Wednesday, May 5, 2010

Quality public schools need well-compensated teachers

From the editorial page of this paper to open public meetings and casual conversations, there are actually calls to offset the Summit College District’s $2.5 million loss in state aid by freezing or reducing teachers’ compensation. I believe this would be the wrong direction.

We appear to teachers to prepare our children for academic and career success, and to impart the fundamentals of very good citizenship. On a national level, we are told that community school teachers ought to do much more to prepare future engineers, scientist, and creative thinkers, lest the United States lose its edge from the global economy. Our children’s futures as well as the future of our communities, state, and country rest, in large part, in our teachers’ hands.

To fill this tall order, teachers are expected and, indeed, necessary to be bright, hardworking, and dedicated. To attract and retain the best plus the brightest, the Summit Board of Training should supply teachers with sufficient and steady salary and benefits. Otherwise, it's only a matter of time before smart, capable people forgo teaching for professions that garner greater compensation and far more respect.

Misinformation has fueled the attack on teacher compensation. Gov. Christie has led the charge by misrepresenting that teachers earn $100,000 salaries, pay out absolutely nothing toward benefits, and receive a 4-% annual wage increase. In reality, a teacher which includes a bachelor’s degree starts in the Summit community colleges at about $54,000 per year. On the same salary scale, a teacher using a bachelor’s degree who has taught for ten years earns about $59,000; a teacher with a PhD who has taught for ten many years earns $68,800. A small number of teachers earn in the $100,000 range, but they are already inside the Summit schools for decades, some as a lot of as 35 many years.

For most teachers, it is usually a slow creep up the 22-step salary scale. In reality, recent legislation requiring teachers to contribute at least 1.5% of salary to health rewards will effectively wipe out future pay out increases due under the current contract. Critics lament teachers’ wellness and pension benefits, ignoring that historically teachers received these advantages in exchange for modest salaries. If the open public expects teachers to carry far more in the price of rewards than they currently do, then teachers’ salaries must be increased accordingly.

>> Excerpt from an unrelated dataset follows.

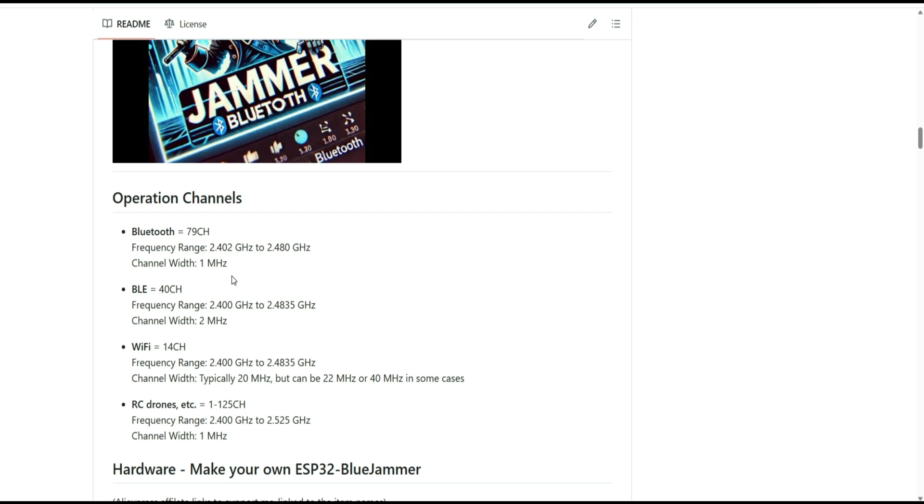Bluetooth is widely used in everything wireless — keyboards, mice, headsets, Bluetooth speakers — everything that needs a constant connection to transmit data. For example, a Bluetooth speaker is constantly connected to a phone to play music. Bluetooth Low Energy, on the other hand, is used mostly for medical devices like heart rate monitors, oxygen monitors, smart watches, and some public transportation applications.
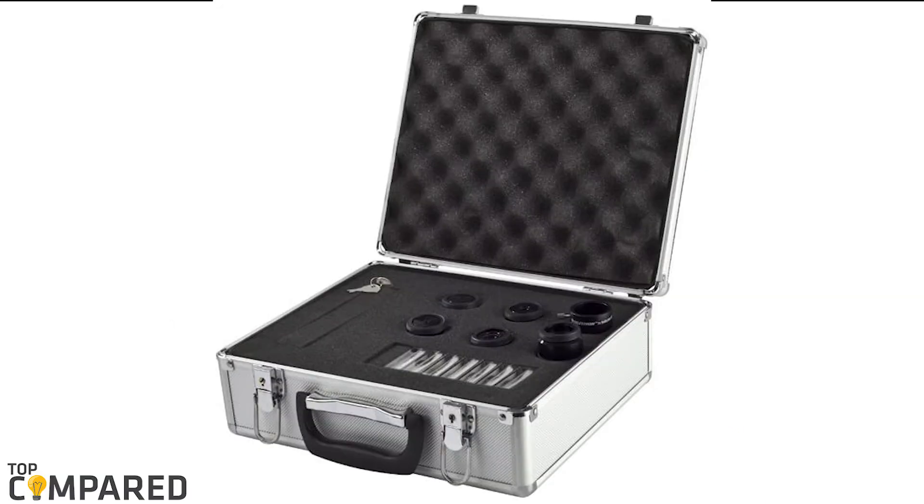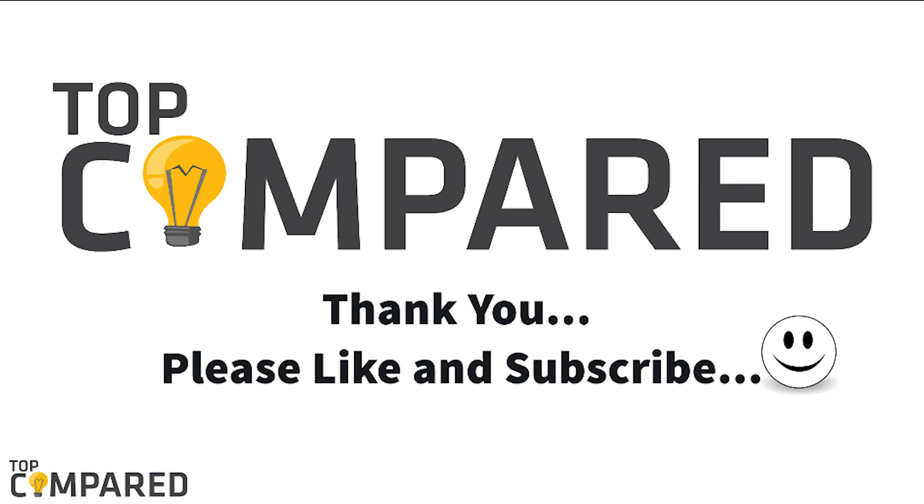After a lot of contemplation, my choice is the Celestron 1.25-inch eyepiece and filter accessory kit. The kit includes 5 eyepieces ranging from 6mm to 32mm. It also comes with colored filters for enhancing the colors and details, and it comes in a carrying case for the protection of the eyepieces. I have attached the product links in the description box below. Please like and share the video if you find it informative, and please subscribe to our channel to get more videos from us.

Anti-union bluster has also contributed to the charge on teachers. In an effort to gain community support for his staggering $820 million blow to public training, the governor has painted the state union (NJEA) as a money-grubbing machine. He has driven a wedge in between union members, who have job security and fairly very good gains, and workers within the private sector who, via no fault of teachers, experience little security and stagnant wages. Rather than holding up teacher compensation being a model of what every single worker should love, whether from the community or private sector, the governor has denounced NJEA for creating “two classes of citizens in New Jersey: People who appreciate rich community benefits and those that spend for them.”

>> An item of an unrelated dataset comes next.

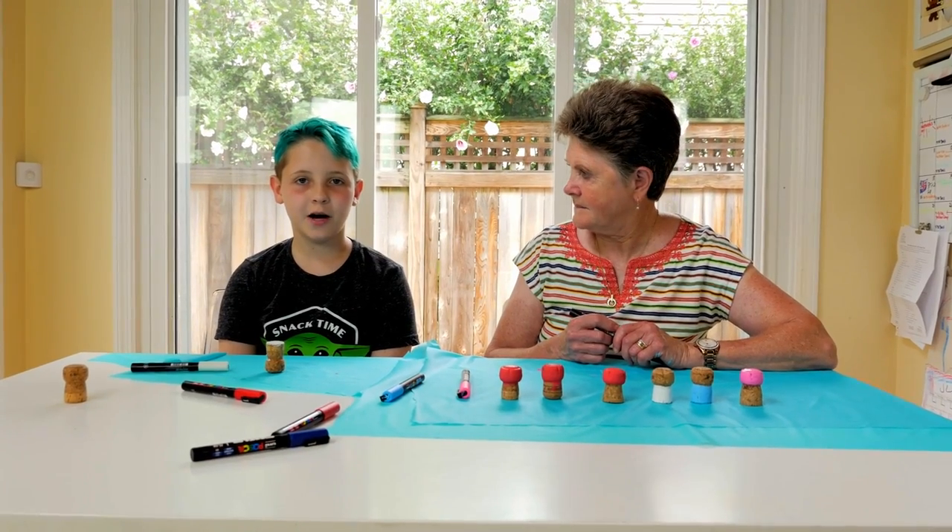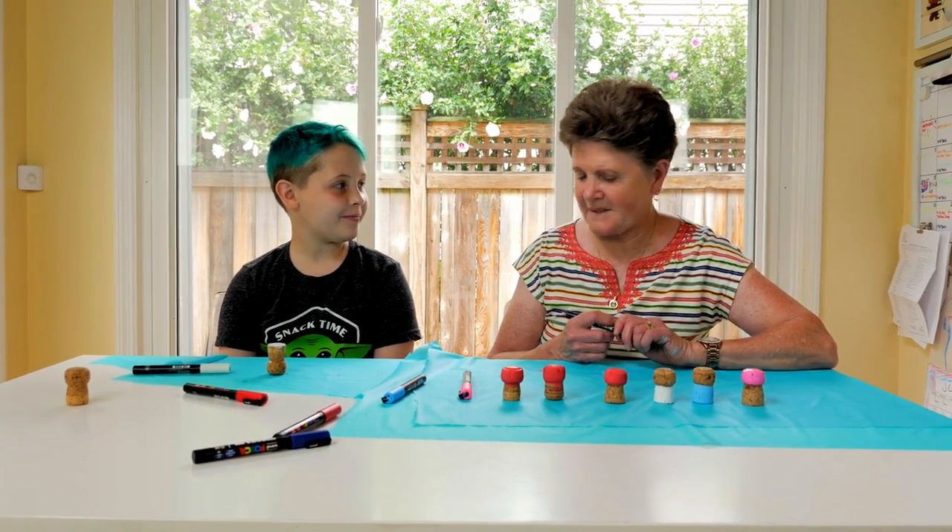Now we paint the bottom a different color. How about white, Gammy? That sounds good to me.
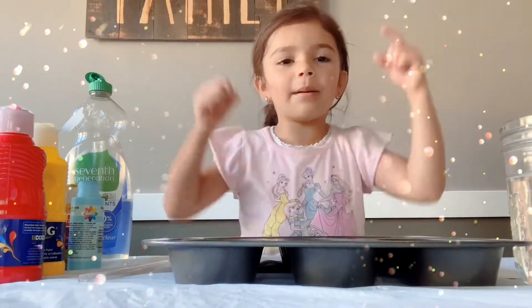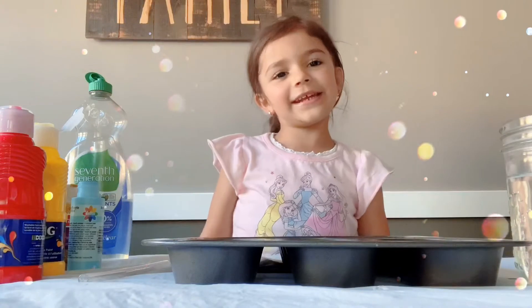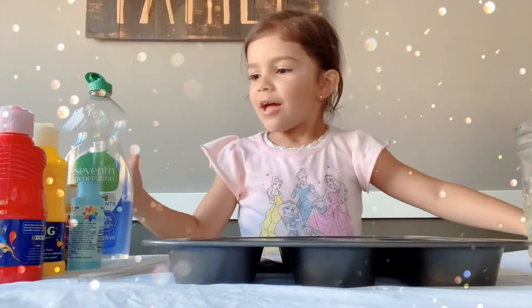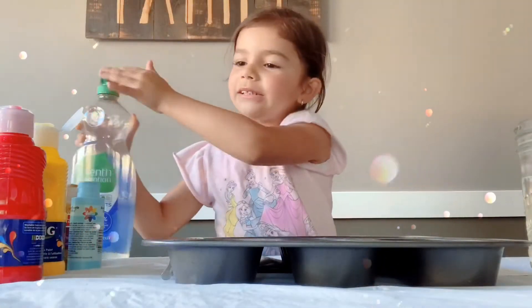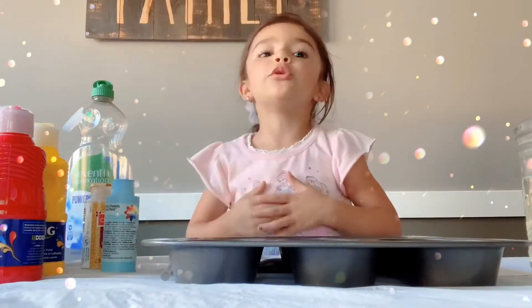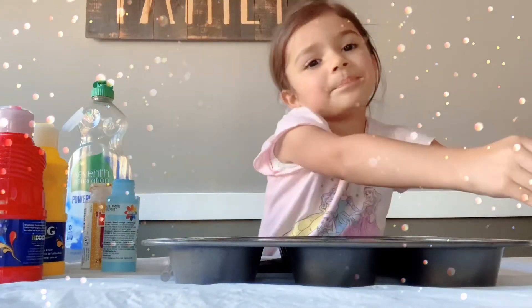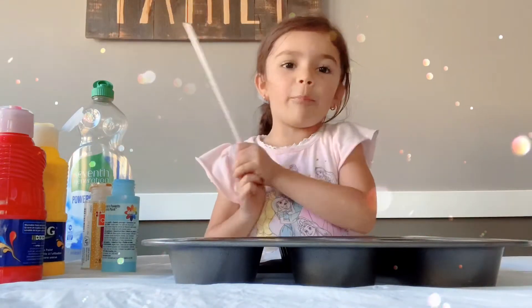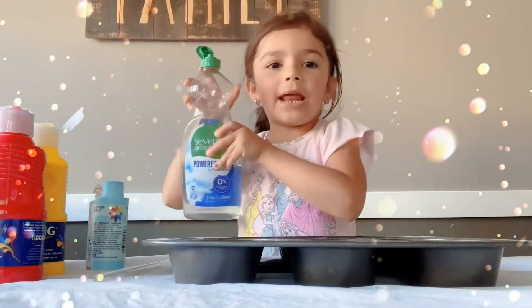Today we are doing a bubble project and all you need is water, paper, a straw, dish soap, and some paint. That's all you need.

His attack has depersonalized the debate: it seriously isn't individual teachers who deserve less compensation; rather, it could be the union insisting on excessive pay out and rewards that need to be stopped. At the end on the day, though, teacher unions do absolutely nothing much more than speak for teachers, and freezes and cuts in compensation will hit teachers, not their union, individually and personally. Given how willing some Summit residents are already to throw teachers under the bus, the local union has its work cut out.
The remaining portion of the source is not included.